The workflow they described was simple:
- they send listing details to the agent,
- the agent turns it into a Facebook post,
- the post gets scheduled automatically,
- and they receive updates through Telegram.
Before deploying it to them, we decided to run the same setup on our own business page first.
For the last 10 days, our own Facebook marketing has been handled through the exact workflow we're preparing for the realtor:
- we feed the system content briefs,
- the agent drafts posts in our page voice,
- scheduled jobs publish throughout the day,
- and every action routes back through Telegram for approval.
The reason we did this was simple:
If we wouldn't trust the system on our own page, we shouldn't ask a client to trust it on theirs.
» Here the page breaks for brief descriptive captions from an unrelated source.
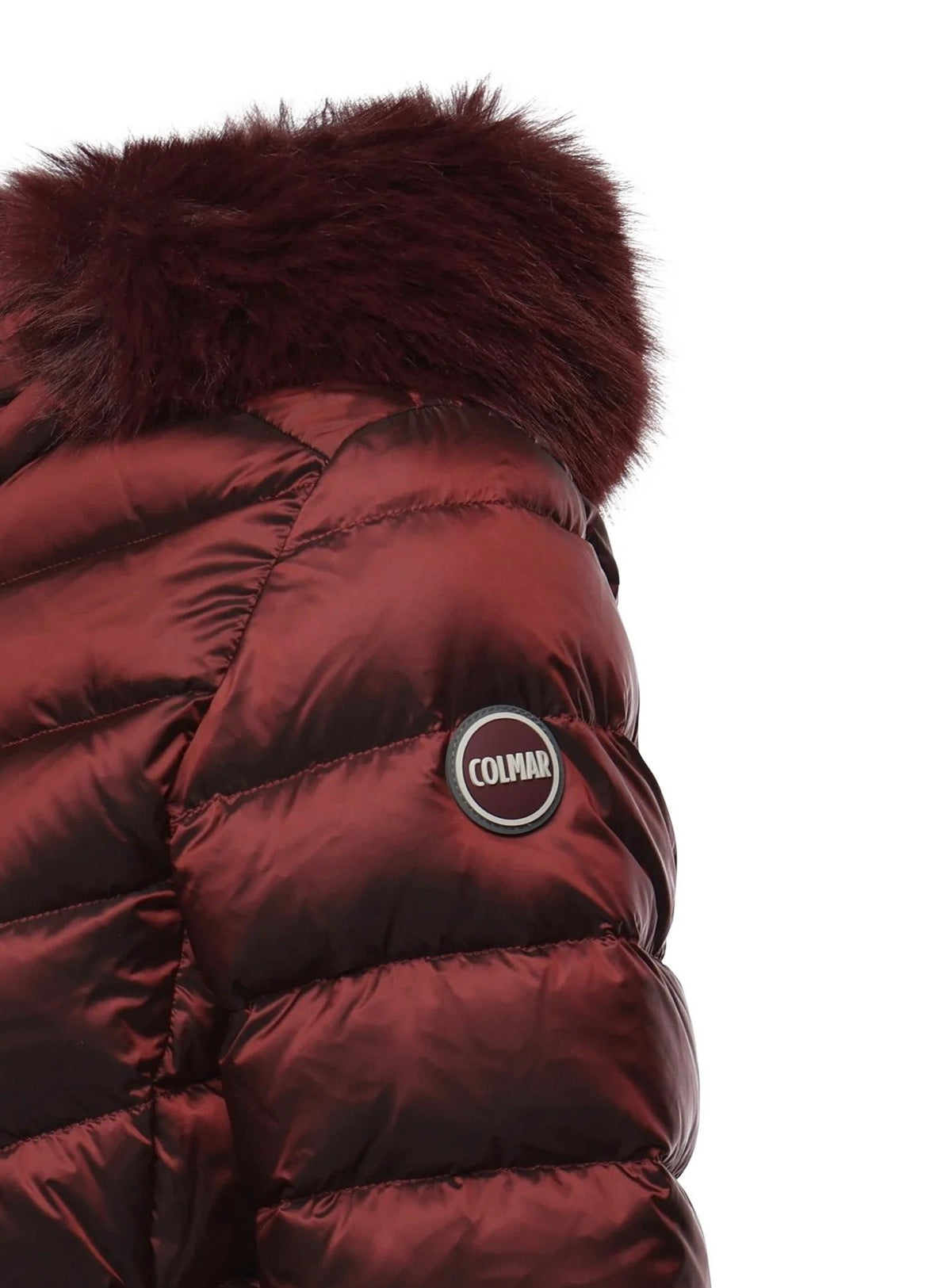 COLMAR DONNA GIUBBOTTO CORTO CON PELLICCIA ROSSO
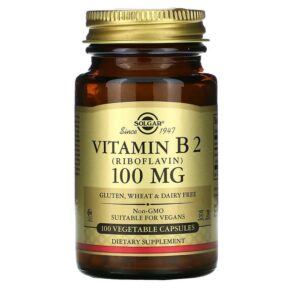 Solgar Vitamin B2 (Riboflavin) 100 mg 100 viên 033984030503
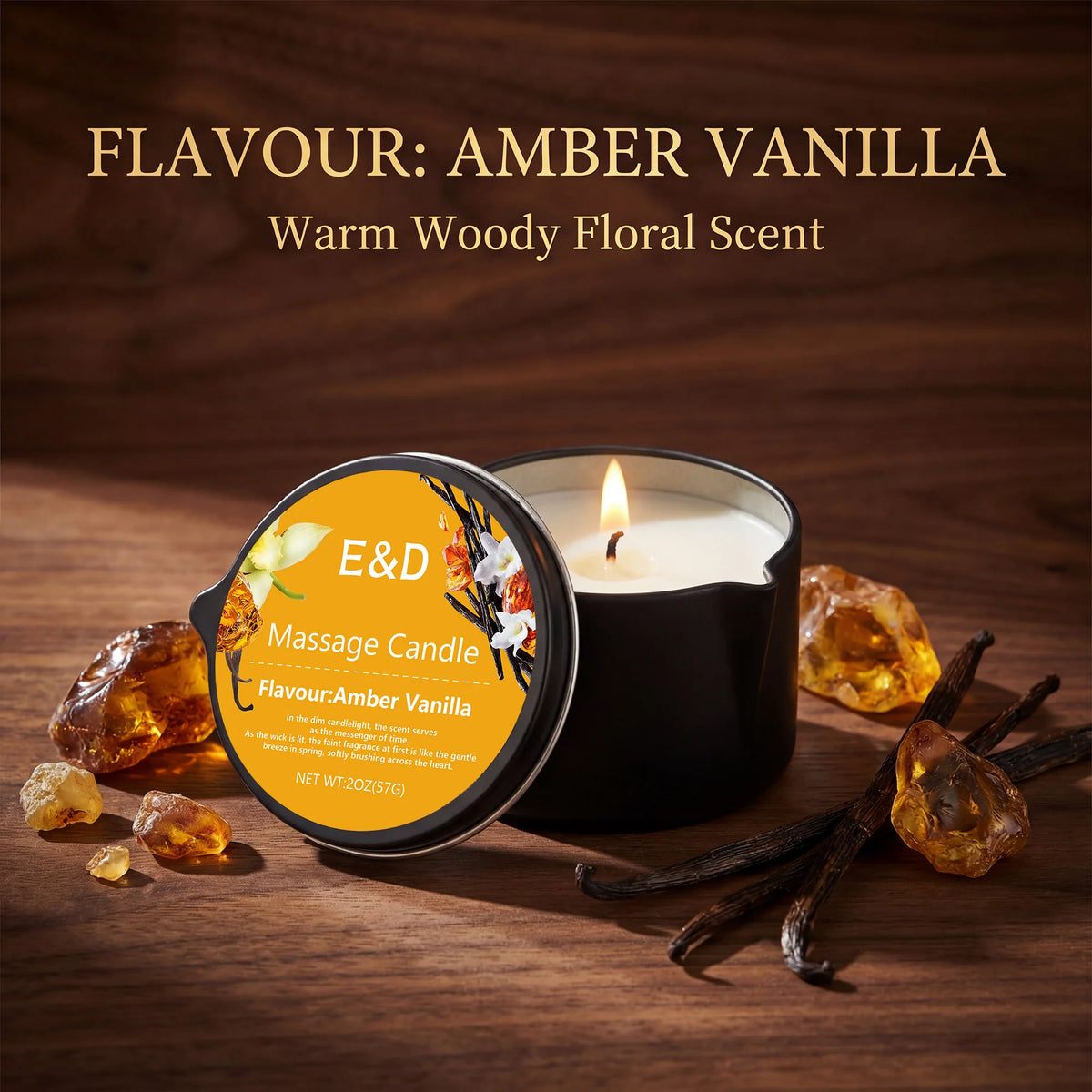 1PC Massage Oil Candles，Luxury Aromatherapy Candles，for Stress Relief and Skin Moisturizing，SM Product Scented Candle Body Oil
What ended up being useful wasn't just proving the workflow worked, it was seeing what broke once the system started operating continuously.
A few examples:
At one point the audit system incorrectly marked a publishing session as incomplete even though the Facebook post had already gone live successfully.
Another issue came from Facebook itself, we spent part of the first few days dealing with Meta API permission changes and retries before the posting pipeline stabilized.
Those are the kinds of operational problems clients shouldn't have to discover themselves on launch week.
By running the deployment on our own business first, we absorbed most of that instability before handing the system off.
Over the 10-day run:
- the agent published 15 posts,
- processed nearly 880k tokens locally,
- handled approvals through Telegram,
- and maintained a full audit trail of every action it took.
One thing we cared about heavily was keeping the system controlled.
The agent cannot publish directly without approval.
It cannot access unrestricted shell commands.
And the entire workflow runs on our own hardware instead of a third-party hosted model API.
That matters for businesses because customer conversations, listings, and business data stay inside the deployment instead of becoming training material somewhere else.
The interesting thing after operating this for a while is that the value isn't really "AI-generated posts."
The useful part is operational consistency.
The agent never forgets to draft.
Never forgets to schedule.
Never forgets to notify.
Never loses track of the queue.
It turns a repetitive business workflow into something supervised instead of manually operated.
The realtor originally asked us for "an AI agent for Facebook."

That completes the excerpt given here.